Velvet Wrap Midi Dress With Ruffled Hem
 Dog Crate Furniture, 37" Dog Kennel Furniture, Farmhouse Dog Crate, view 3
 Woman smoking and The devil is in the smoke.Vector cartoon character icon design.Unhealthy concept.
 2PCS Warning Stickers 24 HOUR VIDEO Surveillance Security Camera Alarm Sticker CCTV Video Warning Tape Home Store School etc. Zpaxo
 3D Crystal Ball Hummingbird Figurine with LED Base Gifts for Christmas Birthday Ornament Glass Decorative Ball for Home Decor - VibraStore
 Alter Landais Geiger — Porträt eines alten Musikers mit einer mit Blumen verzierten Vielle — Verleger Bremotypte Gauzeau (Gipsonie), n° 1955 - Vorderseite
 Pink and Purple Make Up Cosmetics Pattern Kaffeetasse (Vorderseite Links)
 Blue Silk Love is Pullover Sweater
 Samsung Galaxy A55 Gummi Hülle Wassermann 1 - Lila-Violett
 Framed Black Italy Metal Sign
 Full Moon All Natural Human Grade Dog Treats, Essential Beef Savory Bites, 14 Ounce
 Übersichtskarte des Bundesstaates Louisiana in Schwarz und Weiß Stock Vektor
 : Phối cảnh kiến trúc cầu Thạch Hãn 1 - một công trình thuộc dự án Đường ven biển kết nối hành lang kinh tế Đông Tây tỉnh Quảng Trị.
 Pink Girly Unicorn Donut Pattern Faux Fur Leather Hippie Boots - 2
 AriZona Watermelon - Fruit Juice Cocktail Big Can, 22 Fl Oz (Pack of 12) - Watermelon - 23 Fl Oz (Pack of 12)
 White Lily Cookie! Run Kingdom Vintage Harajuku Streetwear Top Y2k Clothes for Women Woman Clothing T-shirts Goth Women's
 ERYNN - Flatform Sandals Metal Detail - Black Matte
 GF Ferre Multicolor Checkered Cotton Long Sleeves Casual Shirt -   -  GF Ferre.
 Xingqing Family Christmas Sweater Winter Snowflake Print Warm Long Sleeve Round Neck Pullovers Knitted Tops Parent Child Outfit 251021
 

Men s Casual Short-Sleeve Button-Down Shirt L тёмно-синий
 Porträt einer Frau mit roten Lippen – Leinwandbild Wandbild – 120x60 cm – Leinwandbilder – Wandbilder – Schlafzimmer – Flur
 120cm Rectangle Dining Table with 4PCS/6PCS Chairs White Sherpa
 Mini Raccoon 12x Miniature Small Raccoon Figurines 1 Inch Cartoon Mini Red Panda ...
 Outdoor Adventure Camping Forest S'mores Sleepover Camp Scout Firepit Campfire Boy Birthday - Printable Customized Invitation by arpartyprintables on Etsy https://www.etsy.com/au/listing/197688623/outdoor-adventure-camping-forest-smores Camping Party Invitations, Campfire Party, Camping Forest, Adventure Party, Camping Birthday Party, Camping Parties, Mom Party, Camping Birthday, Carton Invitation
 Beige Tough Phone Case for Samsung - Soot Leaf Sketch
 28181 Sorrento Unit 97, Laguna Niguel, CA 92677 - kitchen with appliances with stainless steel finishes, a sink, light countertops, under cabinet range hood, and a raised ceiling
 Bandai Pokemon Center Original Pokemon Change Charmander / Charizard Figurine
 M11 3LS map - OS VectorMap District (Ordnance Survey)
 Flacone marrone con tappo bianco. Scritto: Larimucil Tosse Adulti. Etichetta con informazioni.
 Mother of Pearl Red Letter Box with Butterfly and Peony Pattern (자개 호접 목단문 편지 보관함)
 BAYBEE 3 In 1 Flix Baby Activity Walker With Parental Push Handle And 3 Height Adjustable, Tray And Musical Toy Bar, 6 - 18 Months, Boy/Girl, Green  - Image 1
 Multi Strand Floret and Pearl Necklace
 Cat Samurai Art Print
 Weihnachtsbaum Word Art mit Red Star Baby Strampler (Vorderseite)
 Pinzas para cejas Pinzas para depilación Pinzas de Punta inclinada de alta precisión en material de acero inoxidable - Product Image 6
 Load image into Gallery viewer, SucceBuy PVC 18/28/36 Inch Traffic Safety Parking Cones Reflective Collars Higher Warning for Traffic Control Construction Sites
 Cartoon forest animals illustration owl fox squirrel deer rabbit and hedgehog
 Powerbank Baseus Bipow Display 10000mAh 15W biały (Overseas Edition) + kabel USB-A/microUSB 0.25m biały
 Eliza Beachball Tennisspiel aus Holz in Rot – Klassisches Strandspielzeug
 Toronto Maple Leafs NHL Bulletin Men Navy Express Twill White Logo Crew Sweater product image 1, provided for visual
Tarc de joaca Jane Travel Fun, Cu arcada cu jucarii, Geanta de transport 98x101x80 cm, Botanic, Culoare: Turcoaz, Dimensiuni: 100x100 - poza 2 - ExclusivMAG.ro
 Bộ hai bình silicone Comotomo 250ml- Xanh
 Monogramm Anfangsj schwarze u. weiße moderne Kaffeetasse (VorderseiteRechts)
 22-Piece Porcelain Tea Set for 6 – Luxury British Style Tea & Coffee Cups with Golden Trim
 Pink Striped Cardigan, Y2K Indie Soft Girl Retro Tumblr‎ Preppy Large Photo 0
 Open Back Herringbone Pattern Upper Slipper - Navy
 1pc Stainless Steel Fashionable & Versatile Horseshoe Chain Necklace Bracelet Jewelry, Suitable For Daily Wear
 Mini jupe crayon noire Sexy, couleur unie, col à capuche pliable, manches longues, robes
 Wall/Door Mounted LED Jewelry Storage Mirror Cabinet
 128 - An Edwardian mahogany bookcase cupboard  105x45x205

______________________________

The task:
From the entries above, return exactly the line containing "Pink and Purple", the line containing "Xingqing Family Christmas", and all lines between, and nothing else.

Result of the task:
 Pink and Purple Make Up Cosmetics Pattern Kaffeetasse (Vorderseite Links)
 Blue Silk Love is Pullover Sweater
 Samsung Galaxy A55 Gummi Hülle Wassermann 1 - Lila-Violett
 Framed Black Italy Metal Sign
 Full Moon All Natural Human Grade Dog Treats, Essential Beef Savory Bites, 14 Ounce
 Übersichtskarte des Bundesstaates Louisiana in Schwarz und Weiß Stock Vektor
 : Phối cảnh kiến trúc cầu Thạch Hãn 1 - một công trình thuộc dự án Đường ven biển kết nối hành lang kinh tế Đông Tây tỉnh Quảng Trị.
 Pink Girly Unicorn Donut Pattern Faux Fur Leather Hippie Boots - 2
 AriZona Watermelon - Fruit Juice Cocktail Big Can, 22 Fl Oz (Pack of 12) - Watermelon - 23 Fl Oz (Pack of 12)
 White Lily Cookie! Run Kingdom Vintage Harajuku Streetwear Top Y2k Clothes for Women Woman Clothing T-shirts Goth Women's
 ERYNN - Flatform Sandals Metal Detail - Black Matte
 GF Ferre Multicolor Checkered Cotton Long Sleeves Casual Shirt -   -  GF Ferre.
 Xingqing Family Christmas Sweater Winter Snowflake Print Warm Long Sleeve Round Neck Pullovers Knitted Tops Parent Child Outfit 251021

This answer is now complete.